I found this question, which is my question but for a different homomorphism. Let me briefly restate the question with my homomorphism:
Let $\phi$ be the homomorphism $\mathbb{Z}[x]\rightarrow \mathbb{R}$ defined by $\phi(f(x))=f(\frac{1}{2}+\sqrt{2})$. Is the kernel of $\phi$ a principal ideal? If so, find the generator.
I take the same approach as in the example question, namely I consider that $(x-(\frac{1}{2}+\sqrt{2}))$ would generate the kernel of $\phi$ in $\mathbb{R}[x]$. Then using the same trick as in line 3 in the example question, I have that $(x-(\frac{1}{2}+\sqrt{2}))(x-(\frac{1}{2}+-\sqrt{2}))=x^2-x-2+\frac{1}{4}=g(x)$, but unlike the example question, here $g(x)\not\in\mathbb{Z}[x]$. However, $4g(x)\in\mathbb{Z}[x]$. So, is that something I can do and just proceed as they do in the example question. Or for this homomorphism a completely different approach is necessary?
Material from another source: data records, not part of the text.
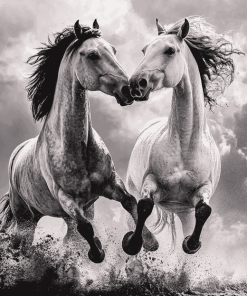 Fighting Horses Monochrome Diamond Painting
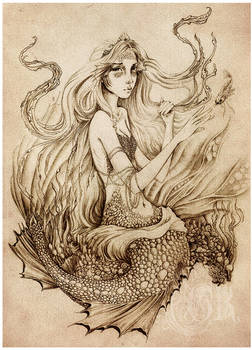 252x350 On The Sea Floor - Sea Floor Drawing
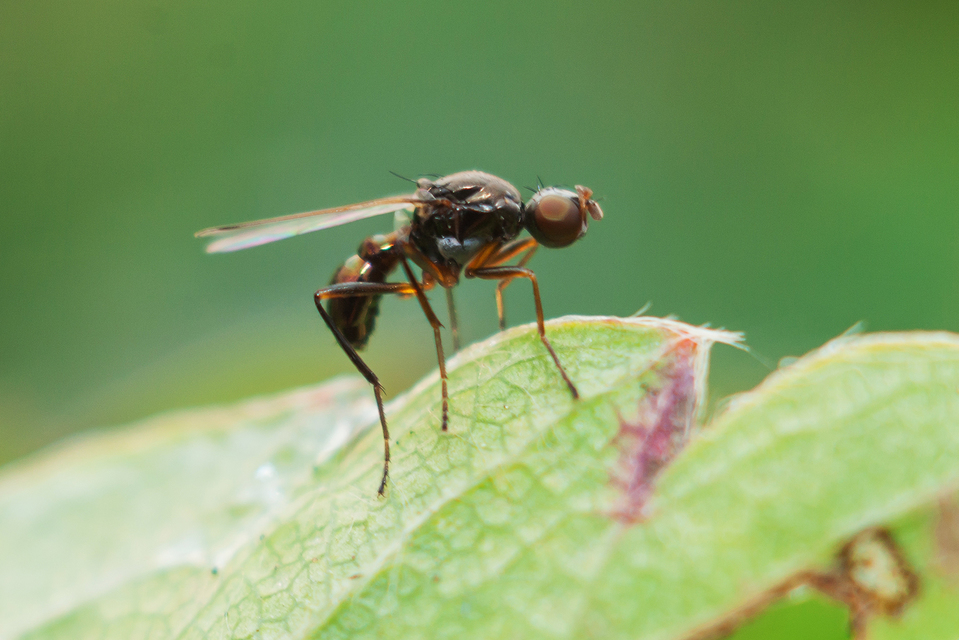 Sepsidae - billegetőlégyfélék
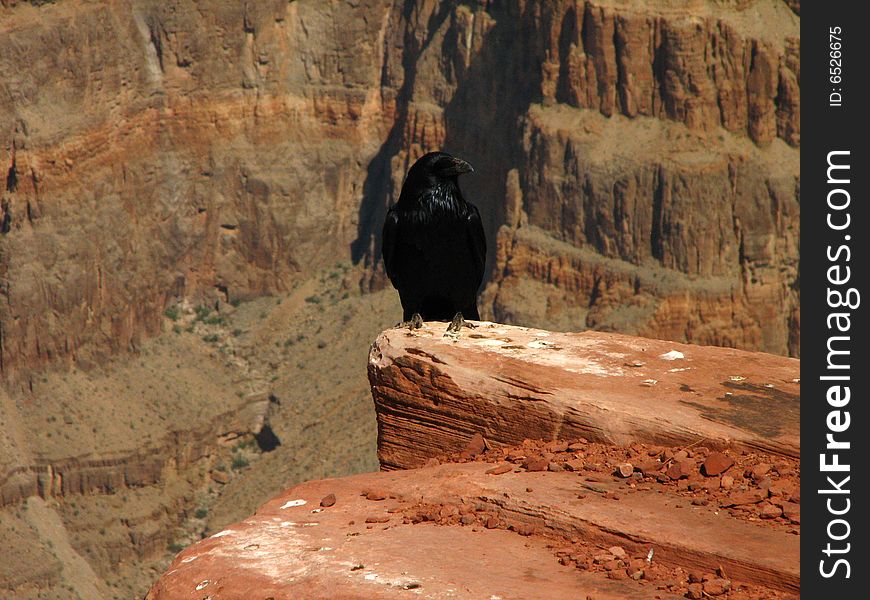 Raven At Rare Grand Canyon West View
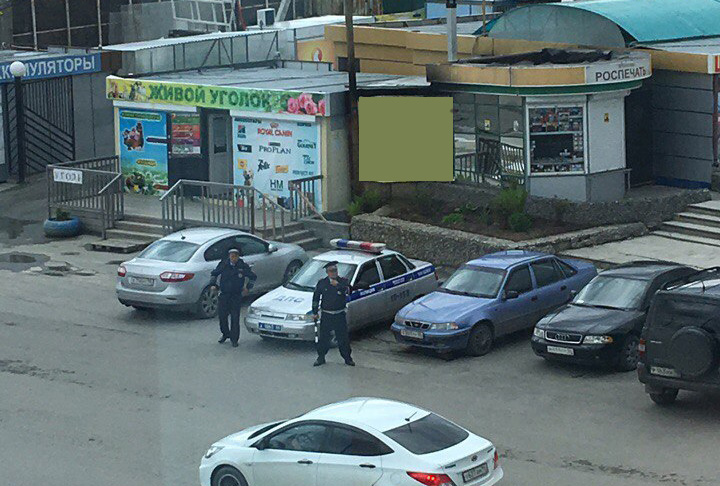 В Верхней Пышме за 5 дней рейда Тонировка привлечено к ответственности 137 человек 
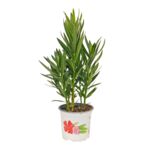 Oleander pospolity mix trójkolorowy don. 15 cm
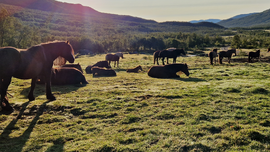 Hesteflokk hviler i Sikkilsdalen. Foto: Lene Aasbø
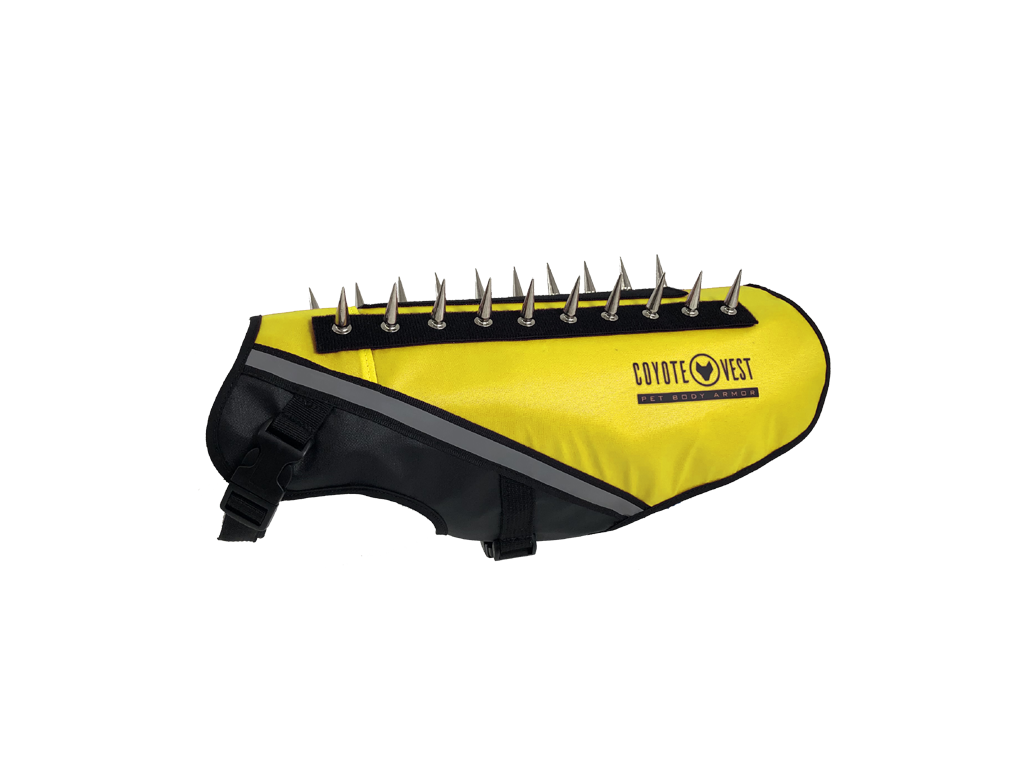 Yellow dog protective vest with black base, gray trim, and metal prongs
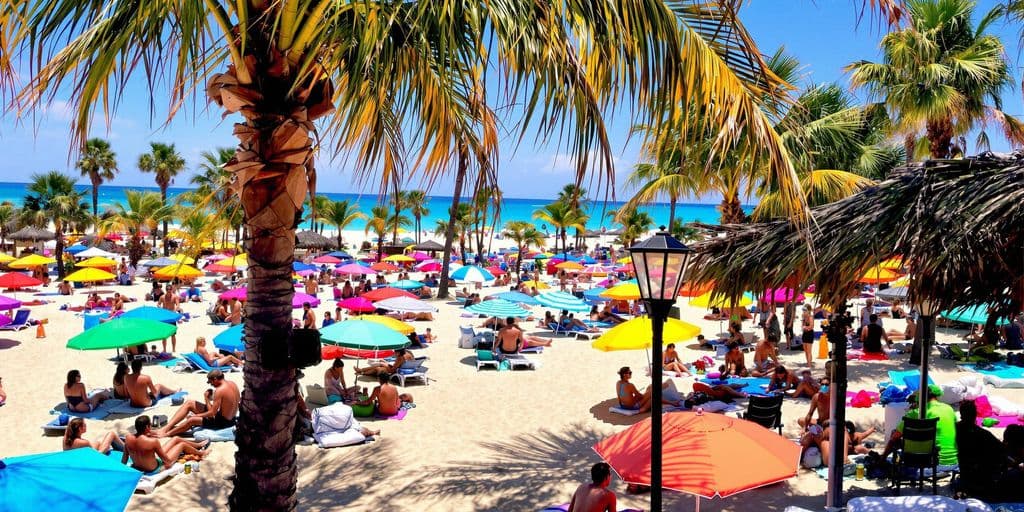 Affordable Fun in Cabo at Mayan Monkey Los Cabos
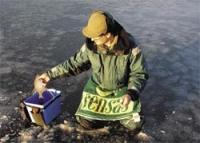 Життя під льодом або як зимують підводні мешканці - іхтіологія і все про риб, статті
I'd appreciate any help. This topic still confuses me.
Best Answer
The same approach works. If $f := 4(x-(\frac{1}{2}+\sqrt{2}))(x-(\frac{1}{2}-\sqrt{2})) \in \mathbb Z[x]$, we claim that $\ker \phi = (f)$. By construction, $f \in \ker \phi$, so $(f) \subseteq \ker \phi$. On the other hand, if $p \in \ker \phi$, by the division algorithm in $\mathbb Q[x]$ there are $q,r \in \mathbb Q[x]$ such that $p = fq+r$ and $r = r_1+r_2x$ for some $r_1,r_2 \in \mathbb Q$. Now note that $$0 = p(\tfrac12+\sqrt2) = r_1 + r_2 \cdot (\tfrac12+\sqrt2)$$ so $$r_2 \neq 0 \implies\sqrt2 = -\tfrac12 -\tfrac{r_1}{r_2} \in \mathbb Q$$ meaning that $r_2=0$, and then $r_1 = 0$. Hence $p=fq \in (f)$.